Тут уже иной, противоположный взгляд на проблему взаимной ответственности – сельские жители в долгу перед государством. Шукшин иногда бросается из крайности в крайность. И все это от боли и тревоги за человека, свое соплеменника и современника. И всегда он с предельной откровенностью делится своими мыслями и чувствами. Иногда заранее знает, какие последуют возражения – и тут же отвечает на них, горячо отстаивая свою точку зрения. Он стремится, чтобы его слово, «как сейчас говорят», «достало» читателя. И внушает, внушает свое «кредо». В замечательной своей статье «Монолог на лестнице», он без обиняков говорит, что нравится и что не нравится ему в деревенской жизни и заканчивает пожеланием молодому человеку, который только вступает в эту самую жизнь: «В восемнадцать лет самая пора начать думать, ощущать в себе силу, разум, нежность – и отдать бы все это людям. Кому же еще? Вот – счастье, по-моему. Можно, конечно, принять восемнадцать лет, как дар жизни, с удовольствием разменять их на мелочишку чувств, небольших, легко исполняемых желаний – так тоже можно, тоже будет, что вспомнить, даже интересно будет… Только жалко. Ведь это единственный раз! Жизнь, как известно, один раз дается и летит чудовищно скоро – не успеешь оглянуться – уже сорок…».
Шукшин выступает как проповедник, как учитель жизни. Но это в публицистике! В художественном творчестве – он совсем иной. Он не хочет нажимать на зрителя, поучать его, давать готовый ответ как в задачнике. Он надеется, что зритель сам придет к ответу, додумается до истины – надо только не врать, не кривить душой. Может быть, помочь зрителю – но непременно художнически, сводя героев фильма в каких-то острых ситуациях. Нравились ему такие вот «несколько крайние», по его словам, ситуации. Так и говорил: «Для того чтобы извлечь искру, надо ударить два камня друг о друга». Он хотел, чтобы его мысль «искрила» в художественных образах. Очень часто ему это удавалось, но иногда и не получалось.
Конечно, замысел фильма был шире, острее – речь там шла о неразрывности социального и нравственного обеспечения. Мысль эта, как мне кажется, не нашла своего выражения в образной системе фильма. Получился фильм о нравственной ориентации простого человека в сложном, меняющемся в не лучшую сторону мире. Тоже интересный, хотя несколько иной.
Но все это я поняла потом. А тогда, после недолгого разговора с Шукшиным на бревнах, недовольная собой и тронутая его терпеньем, я вдруг сама определила «сверхзадачу» фильма: «бережность к людям».

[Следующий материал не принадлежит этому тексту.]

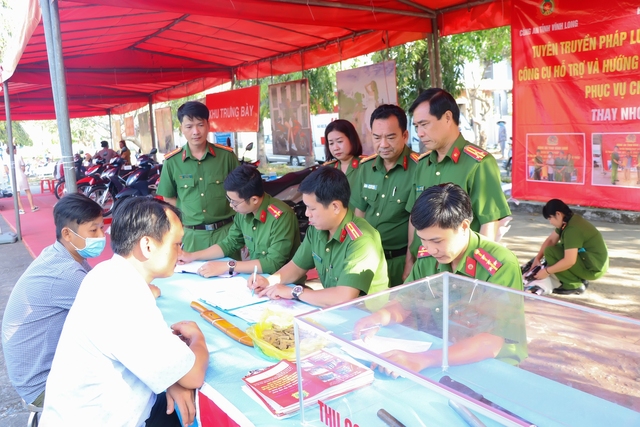 Vĩnh Long: Đem súng, đạn, roi điện và vũ khí tự chế đến đổi quà miễn phí - Ảnh 1.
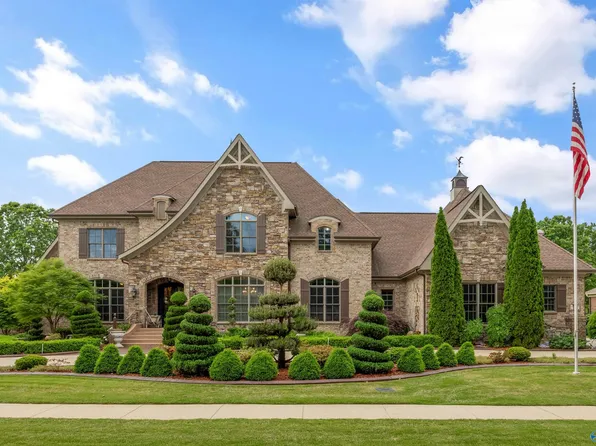 3 McMullen Ln SE, Gurley, AL 35748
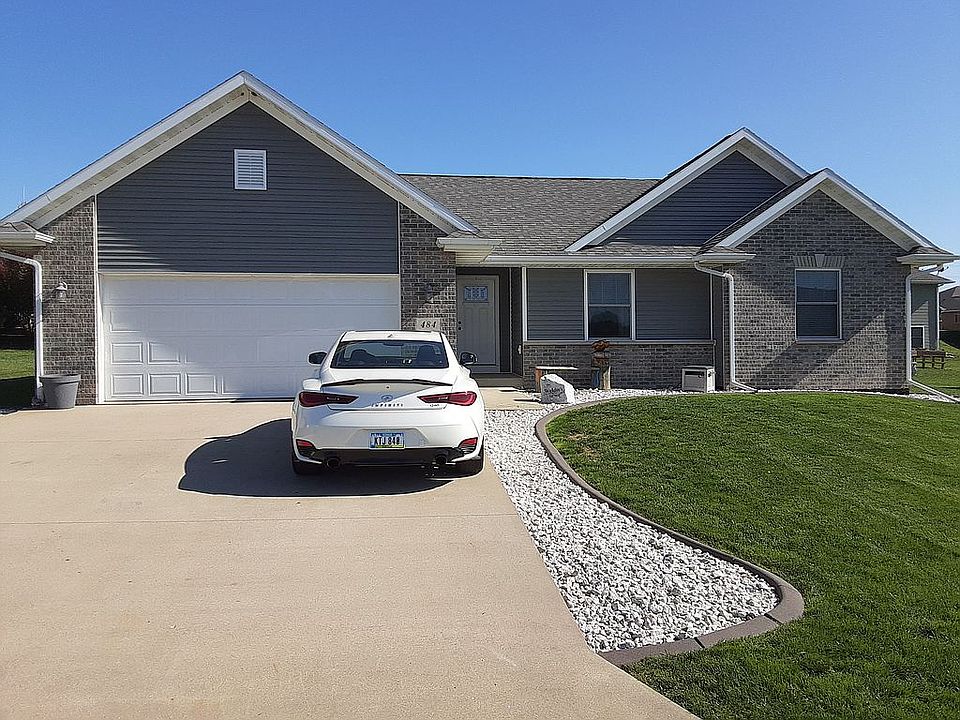 1st image of 484 Bryn Dr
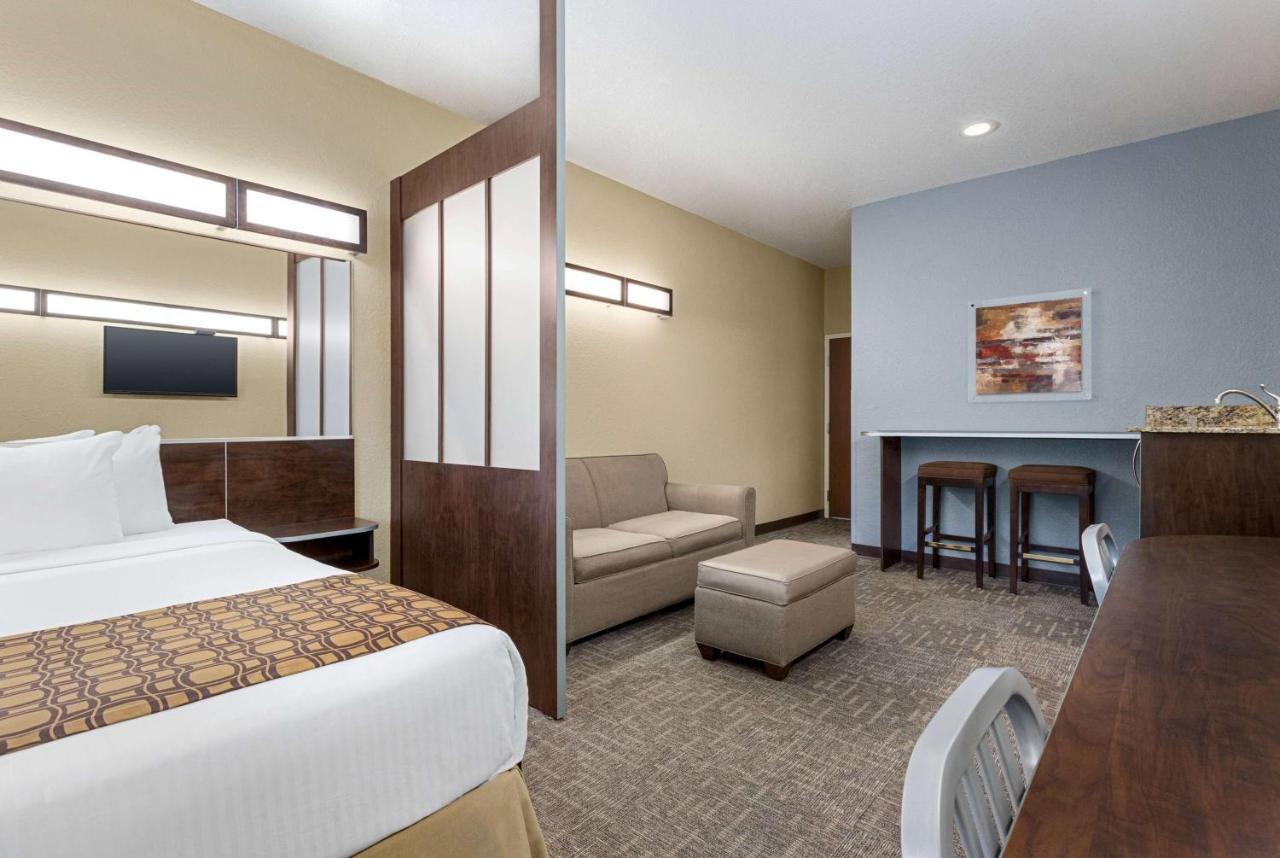 Microtel Inn & Suites By Wyndham Woodstock/Atlanta North Экстерьер фото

Об этой самой бережности Шукшин сказал спустя два года, выступая в кинотеатре города Белозерска перед показом фильма «Печки-лавочки»: «Нам бы про душу не забыть. Нам бы немножко добрее быть. Нам бы с нашими большими скоростями не забыть, что мы люди, что должны быть… Мы один раз, уж как случилось, живем на земле. Ну, так и будь ты повнимательнее друг к другу, подобрее».
Ко мне Шукшин был добр.
Глава шестая
В котле «большого кино»
Надо было, конечно, побывать на родине Шукшина, чтобы в какой-то степени постичь его натуру и творческую природу. Всей своей сутью Шукшин воплощал нечто очень важное и существенное, чем жила и полнилась его родная глубинка. В нем сполна проявились те самые качества, которые он живописал, повествуя о своих земляках. Терпение и настойчивость, созерцательность и трудолюбие, застенчивость и дерзость – эти вроде бы противоположные свойства являлись в каком-то удивительном сплаве, и это шло от самого уклада местной деревенской жизни, от самой алтайской природы.